Archive for the ‘Short Stories’ Category

Management lessons

Posted by maneesh On December - 14 - 2010

LESSON 1 : Standing in front of a shredder with a piece of paper in his hand, "Listen," said the CEO, "this is a very sensitive and important document, and my secretary has left. Can you make this thing work?" "Certainly," said the young executive. He turned the machine on, inserted the paper, and pressed the start button. "Excellent, excellent!" said the CEO as his paper disappeared inside the shredder machine. "I just need one copy."

LESSON: "NEVER, NEVER ASSUME THAT YOUR BOSS KNOWS EVERYTHING"

LESSON 2: A junior manager, a senior manager and their boss are on their way to a meeting. On their way through a park, they come across a wonder lamp. They rub the lamp and a ghost appears. The ghost says, "Normally, one is granted three wishes but as you are three, I will allow one wish each" So the eager senior manager shouted, "I want the first wish. I want to be in the Bahamas, on a fast boat and have no worries." Pfufffff. and he was gone. Now the junior manager could not keep quiet and shouted "I want to be In Florida with beautiful girls, plenty of food and cocktails." Pfufffff. and he was also gone. The boss calmly said, "I want these two idiots back in the office after lunch at 12.35pm."
MORAL OF THE STORY IS: "ALWAYS ALLOW THE BOSS TO SPEAK FIRST"

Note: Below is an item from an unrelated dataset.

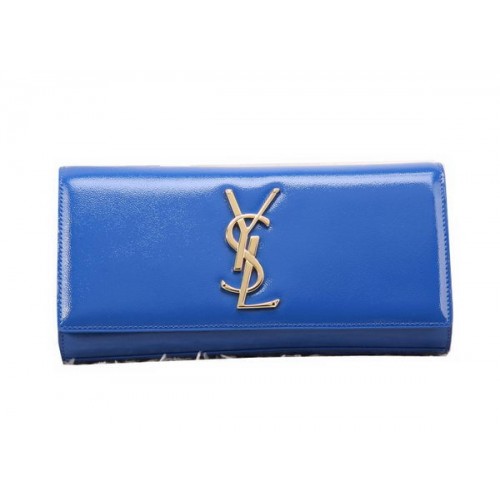 Pochette YSL Classic Monogramme Pelle Verniciata Y8909 Blu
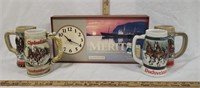 Merit Clock, (4) Budweiser Mugs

LESSON 3: An American and a Japanese were sitting on the plane on the way to LA When the American turned to the Japanese and asked, "What kind of -ese are you?" The Japanese confused, replied, "Sorry but I don't understand what you mean." The American repeated, "What kind of -ese are you?" Again, the Japanese was confused over he question. The American, now irritated, then yelled, "What kind of -ese are you ... Are you a Chinese, Japanese, Vietnamese!, etc......???" The Japanese then replied, "Oh, I am a Japanese." A while later the Japanese turned to the American and asked
What kind of 'key' was he. The American, frustrated, yelled, "What do you mean what kind of -kee'am I ?!" The Japanese said, "Are you a Yankee, donkee, or monkee?"
LESSON III: "NEVER INSULT ANYONE"

LESSON 4: There were these 4 guys, a Russian, a German, an American and a French, who found this small genie bottle. When they rubbed the bottle, a genie appeared. Thankful that the 4 guys had released him out of the bottle, He said, "Next to you all are 4 swimming pools, I will give each of you A wish. When you run towards the pool and jump, you shout what you want the pool of water to become, then your wish will come true." The French wanted to start. He ran towards the pool, jumped and shouted, "WINE". The pool immediately changed into a pool of wine. The Frenchman was so happy swimming and drinking from the pool. Next is the Russian's turn, he did the same and shouted, "VODKA" and immersed himself into a pool of vodka. The German was next and he jumped and shouted, "BEER". He was so contented with his beer pool. The last is the American. He was running towards the pool when suddenly He steps on a banana peel. He slipped towards the pool and shouted, SHIT...!!........."
LESSON IV: "THINK TWICE BEFORE YOU SAY SOMETHING, BECAUSE SOMETIMES ACCIDENTS DO HAPPEN"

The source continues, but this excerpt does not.